To avoid this problem (and some others) SIGN usually computes a cryptographic hash of the message, and creates an authentication tag by raising this hash to the private exponent. This also has the pleasant side effect that it simplifies signing large messages because $n$ only has to be larger than the value of the hash output, and we don’t have to worry about splitting the message into blocks and signing each block. Upon receipt, VERIFY recomputes the hash from the received version of the message, raises the hash to the public exponent, and compares the result with the received authentication tag.

Using a cryptographic hash helps in constructing a secure SIGN and VERIFY, but isn't sufficient either. There is a substantial literature that presents even better schemes that also address other subtle issues that come up in the design of a good digital signature scheme.

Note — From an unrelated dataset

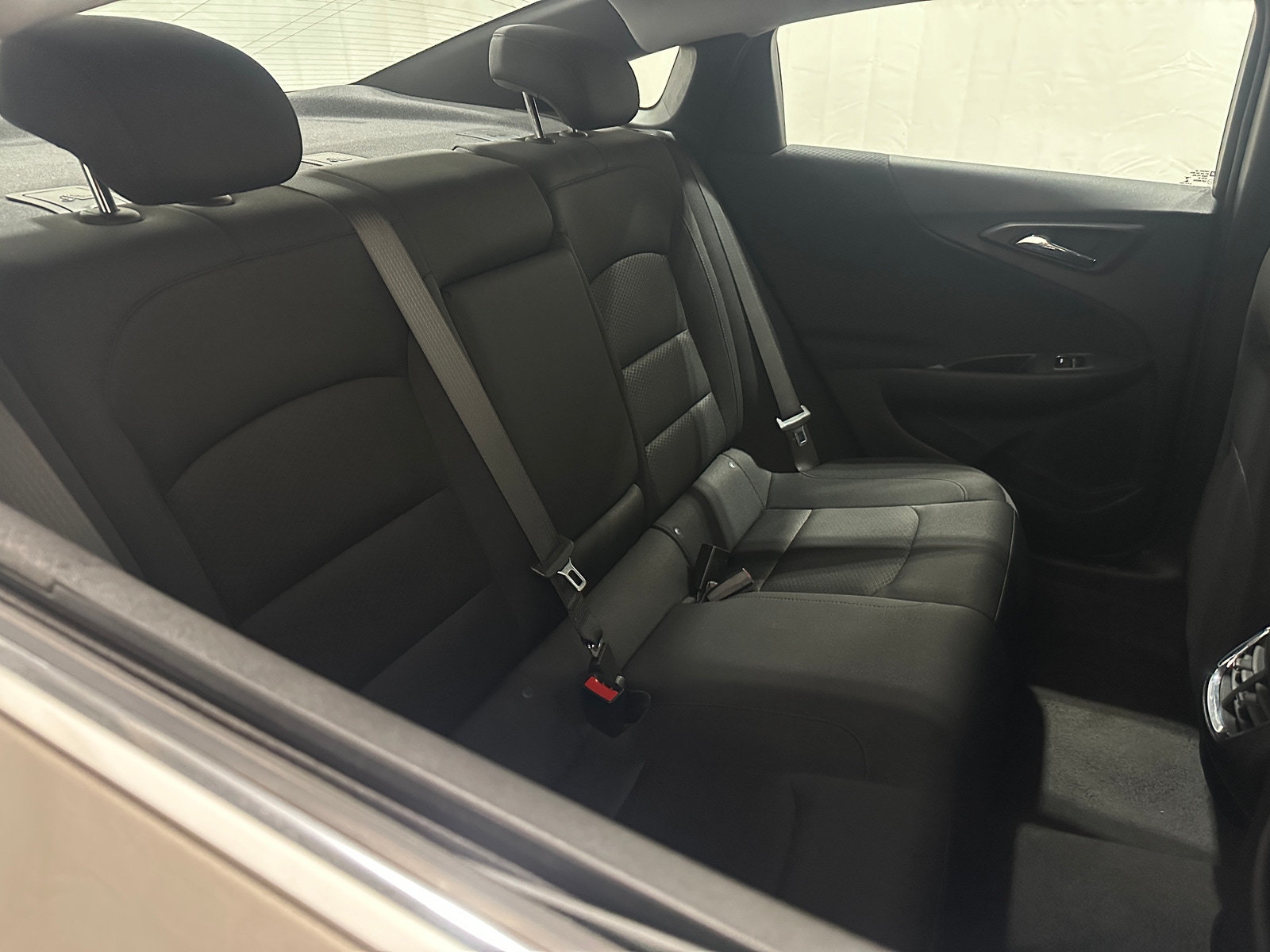 Thumbnail: 2024 Chevrolet Malibu - 6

A Public-Key Encrypting System

ENCRYPT and DECRYPT can also be implemented using public-key cryptography, but because operations in public-key systems are expensive (e.g., exponentiation in RSA instead of XOR in RC4), public-key implementations of ENCRYPT and DECRYPT are used sparingly. As described in Section 5.6, public-key encryption is used only to encrypt a newly-minted shared-secret key during the set up of a connection between a sender and a receiver, and then that secret-secret key is used for shared-secret encryption of further communication between the sender and the receiver. For example, SSL/TLS, which is described in Section 5.11, uses this approach.

The basic idea, which needs refinement to be secure, for implementing ENCRYPT and DECRYPT using RSA is as follows. Split the message $M$ into fixed size blocks $P$ so that the value of $P$ is smaller than $n$, then ENCRYPT raises $P$ to the public exponent ($d$). DECRYPT raises the encrypted block to the private exponent ($e$). This order is exactly the opposite of the one for SIGN; SIGN raises to the private exponent and VERIFY raises to the public exponent.

That the order is the opposite doesn't matter because RSA is reversible. Since $(M^d)^e = (M^e)^d = M^{ed} (\text{modulo} \,\, n)$, one can raise to the public exponent ($e$) first, and raise to the private exponent ($d$) second, or vice versa, and either way get $M$ back. It is claimed that the security of RSA is equally good both ways.

This basic implementation is relatively weak; there are a number of well-known attacks if the RSA cipher is used by itself for encrypting. To counter these attacks, ENCRYPT should pad short blocks with independent randomized variables so that the value of $P$ is close to $n$, and then raise the padded $P$ to the public exponent. In addition, ENCRYPT should run the message through what is called an all or nothing transform (AONT). An AONT is a non-secret, reversible transformation of a message that ensures that the receiver must have all of the bits of the transformed message in order to recover any of the bits of the original message. Thus, an adversary cannot launch an attack by just concentrating on individual blocks of the message. Readers should consult the literature to learn what other measures are necessary to obtain a good implementation of ENCRYPT and DECRYPT using RSA.